→ **Record excerpts**:
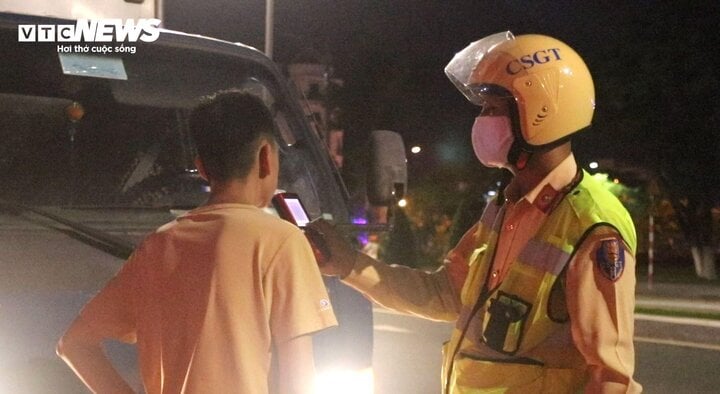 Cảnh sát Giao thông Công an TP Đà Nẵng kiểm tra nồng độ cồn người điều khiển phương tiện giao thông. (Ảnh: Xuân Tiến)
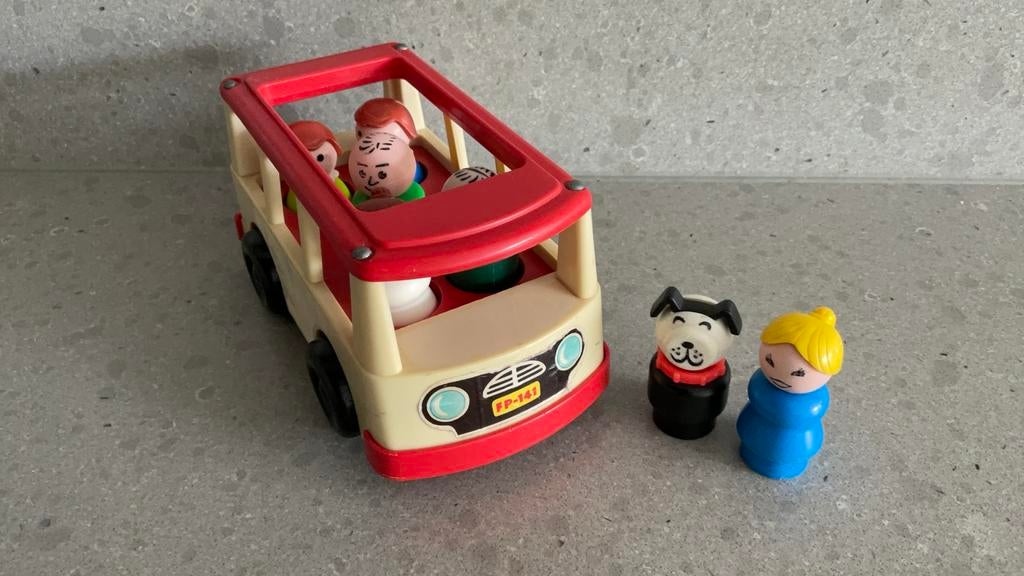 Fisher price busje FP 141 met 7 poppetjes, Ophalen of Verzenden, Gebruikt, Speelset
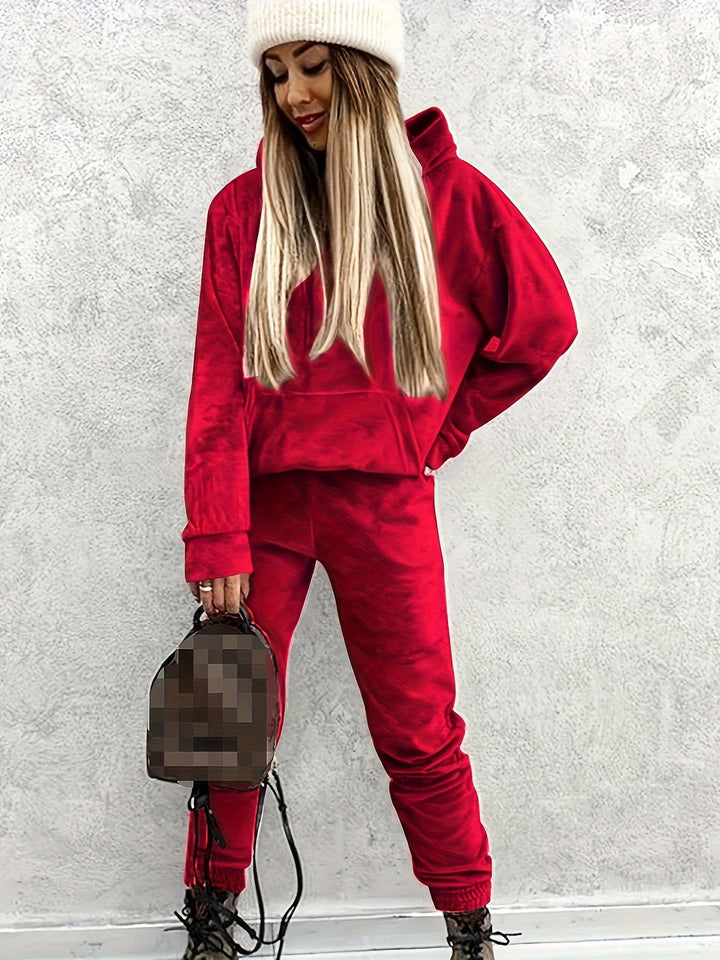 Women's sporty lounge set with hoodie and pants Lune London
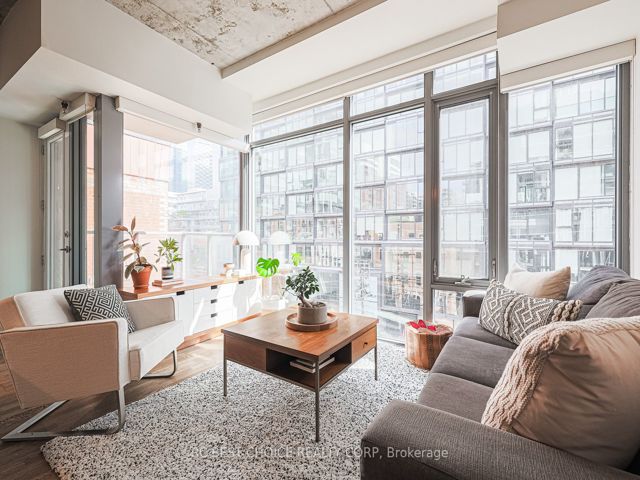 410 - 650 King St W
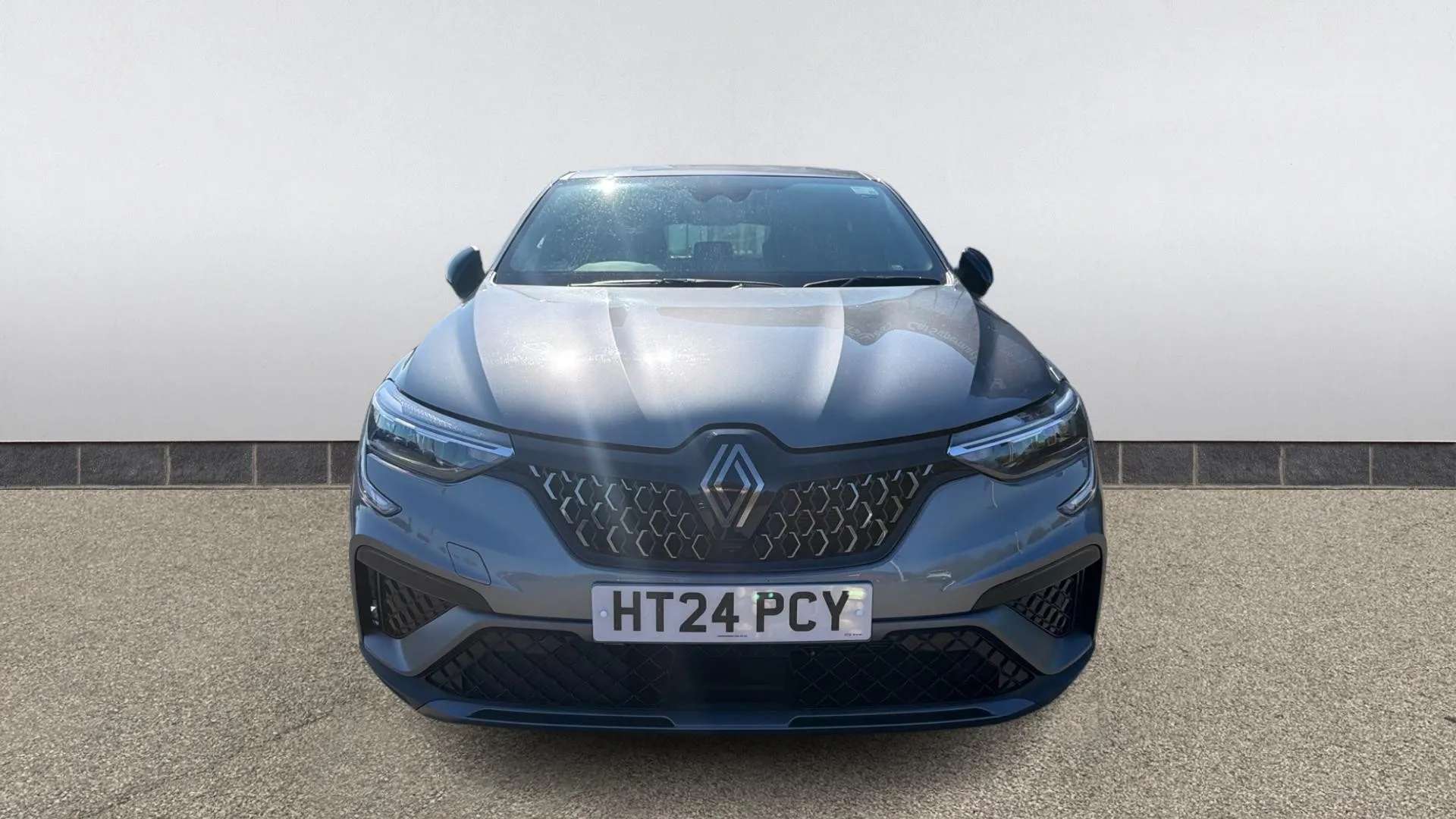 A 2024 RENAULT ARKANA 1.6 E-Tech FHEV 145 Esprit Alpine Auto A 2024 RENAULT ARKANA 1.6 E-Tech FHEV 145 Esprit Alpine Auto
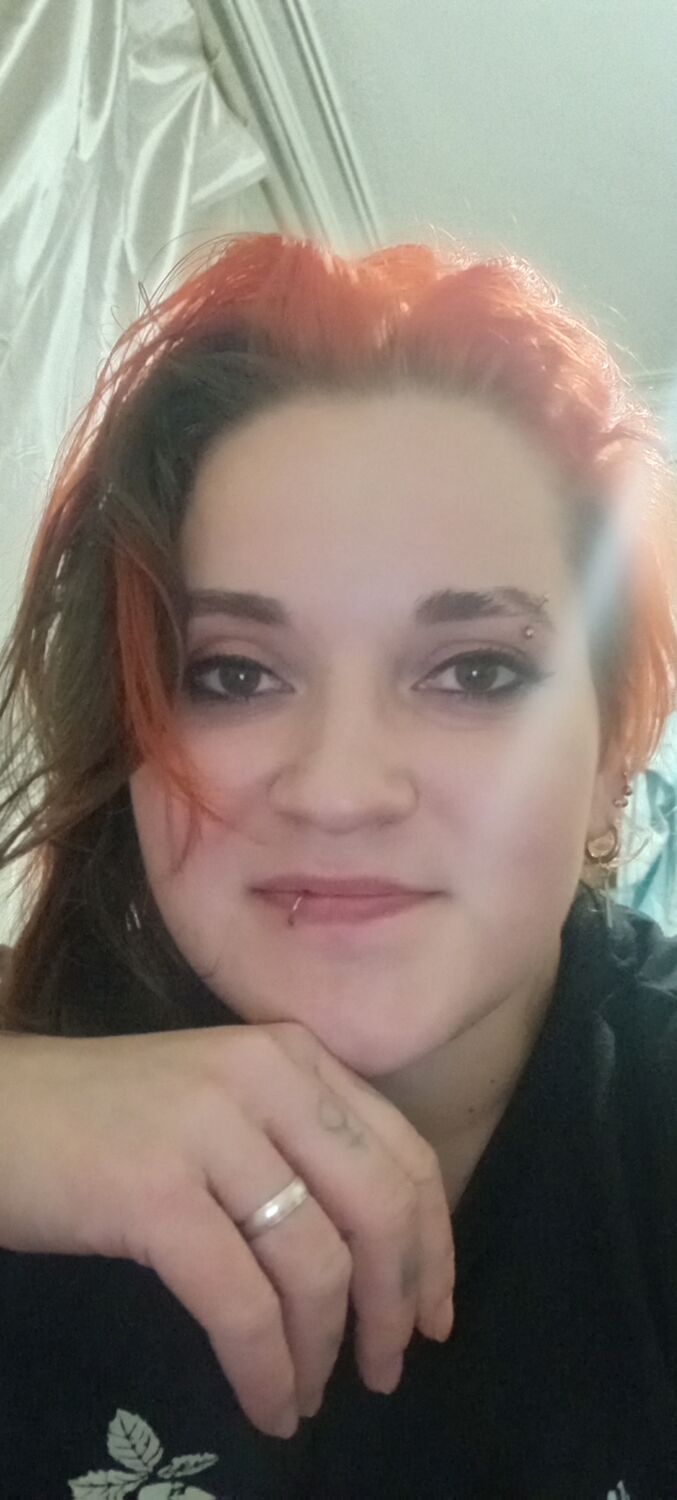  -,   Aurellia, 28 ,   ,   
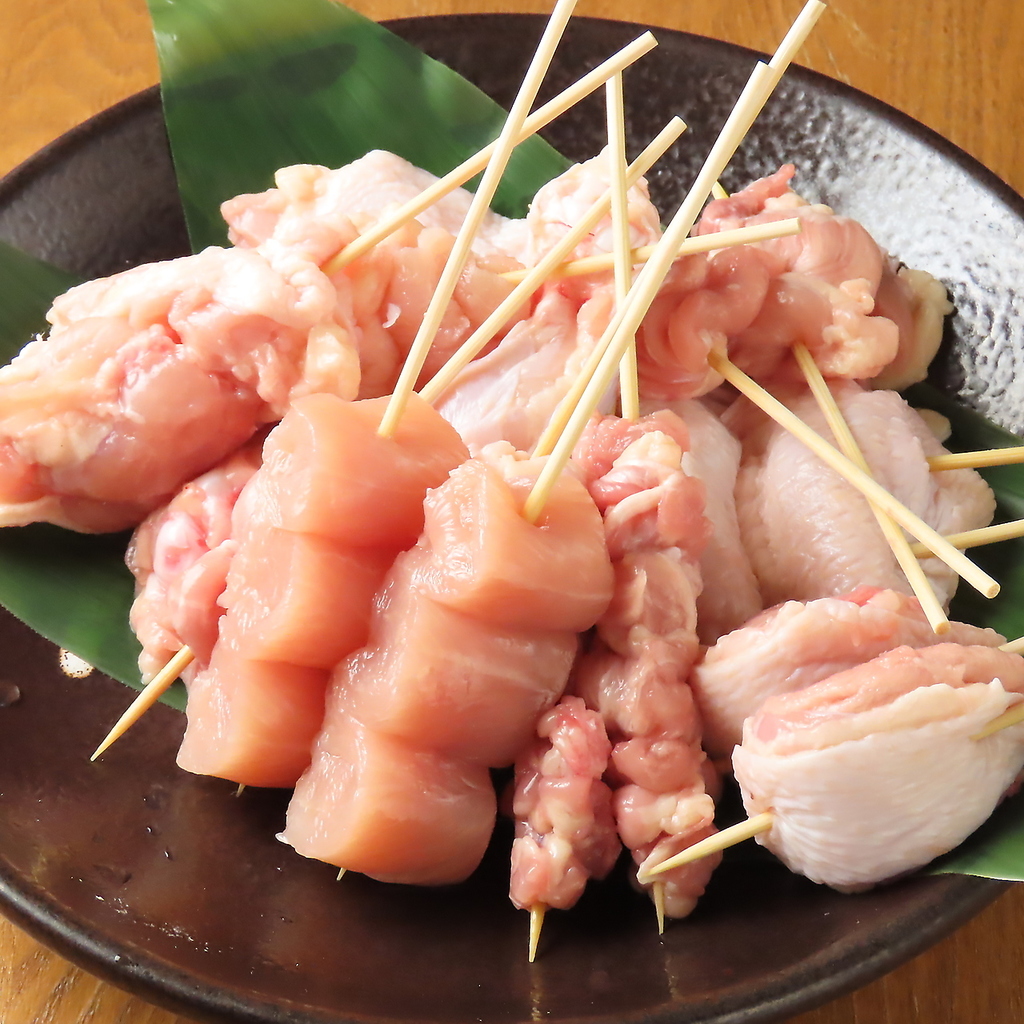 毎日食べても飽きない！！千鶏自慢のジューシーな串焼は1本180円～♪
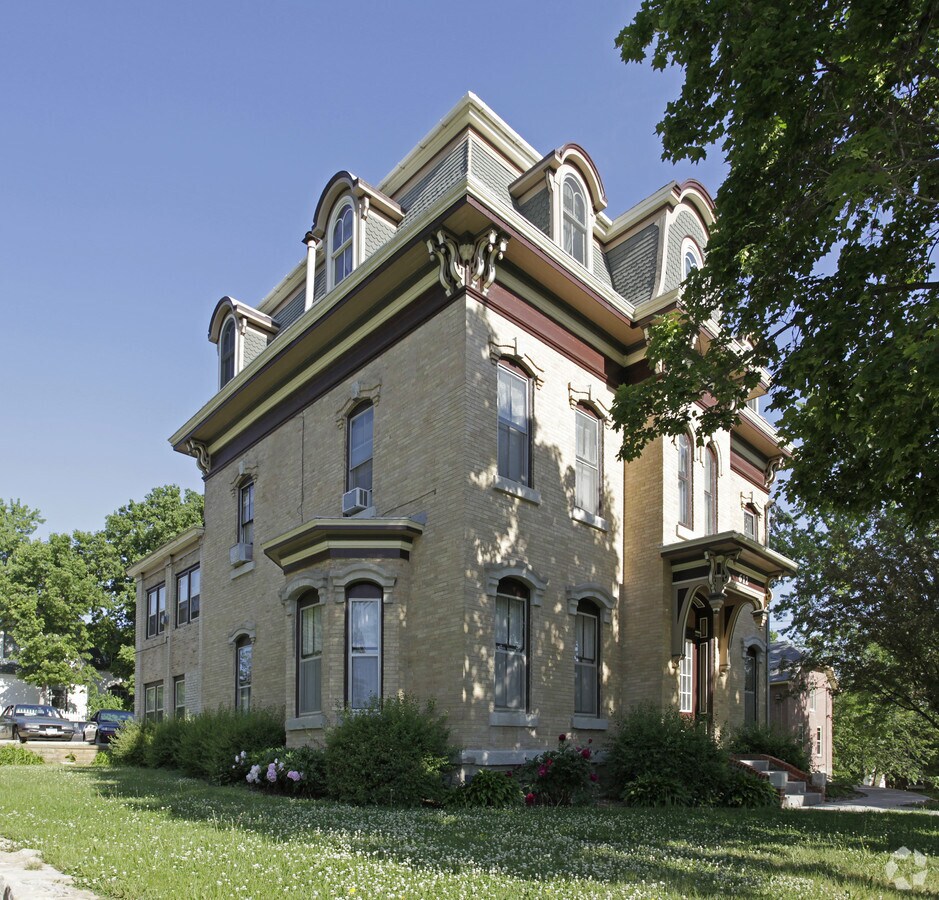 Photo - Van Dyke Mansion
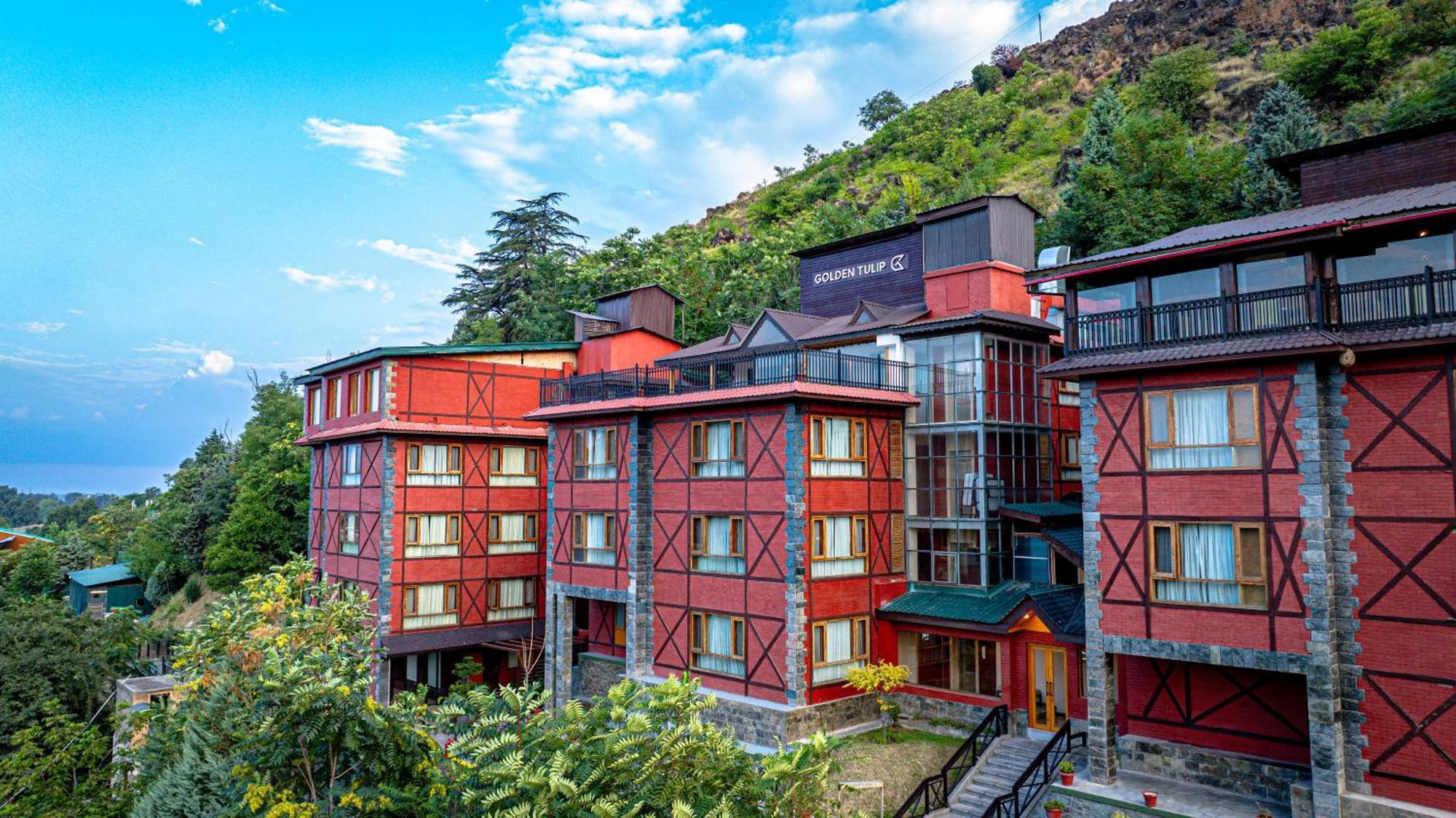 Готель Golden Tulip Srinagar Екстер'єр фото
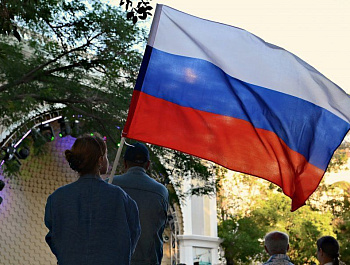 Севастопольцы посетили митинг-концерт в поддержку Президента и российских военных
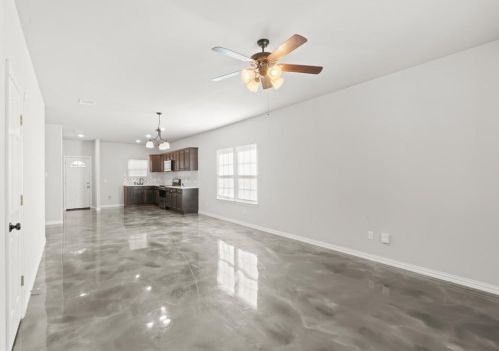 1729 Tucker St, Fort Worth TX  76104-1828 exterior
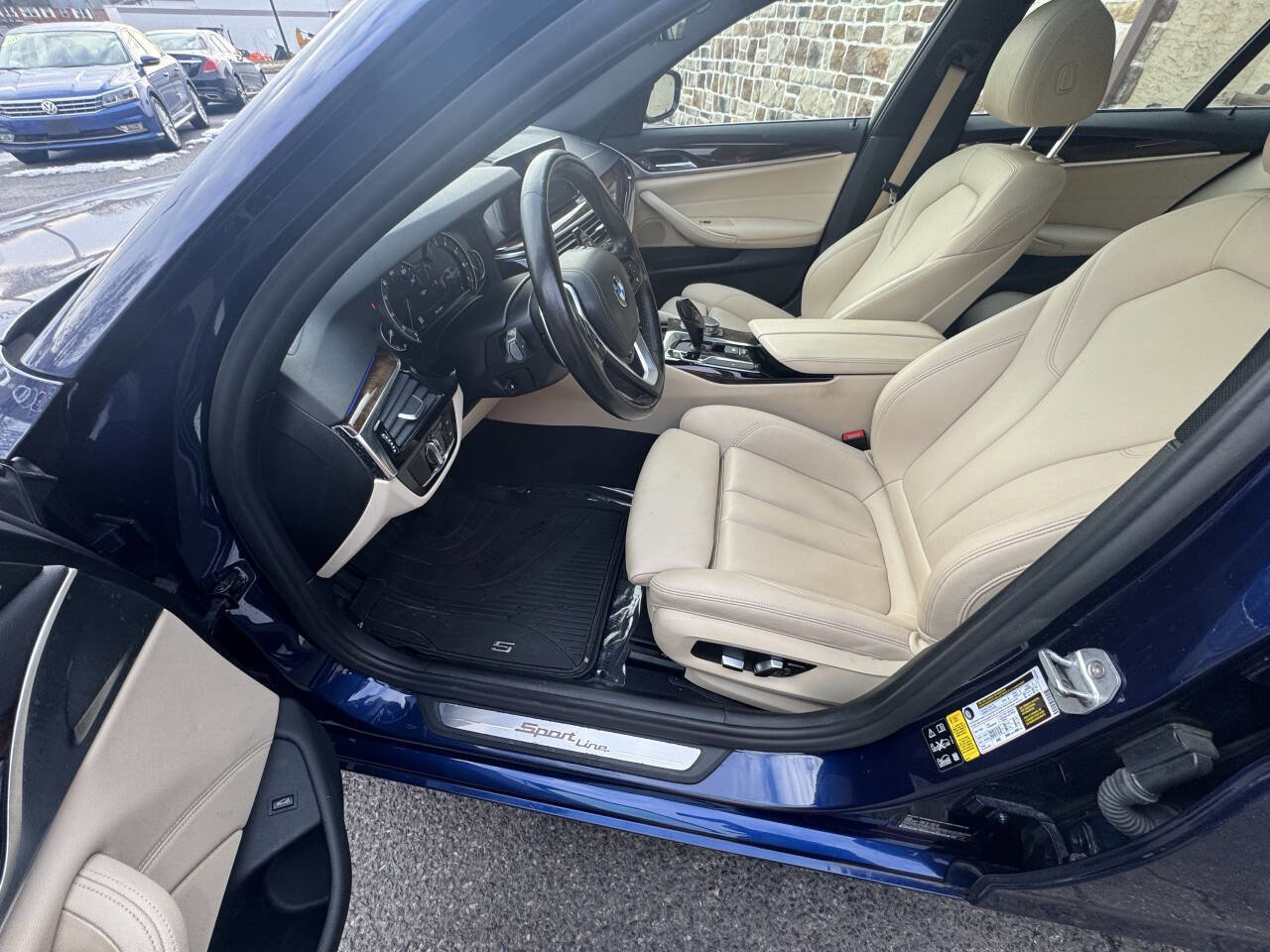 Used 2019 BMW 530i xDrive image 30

→ **Work request**:
When you reach the line that contains "Севастопольцы посетили митинг-концерт", start copying the listing word for word and stop only after its last line, without any pictures.

→ **Answer to this problem**:
 Севастопольцы посетили митинг-концерт в поддержку Президента и российских военных
 1729 Tucker St, Fort Worth TX  76104-1828 exterior
 Used 2019 BMW 530i xDrive image 30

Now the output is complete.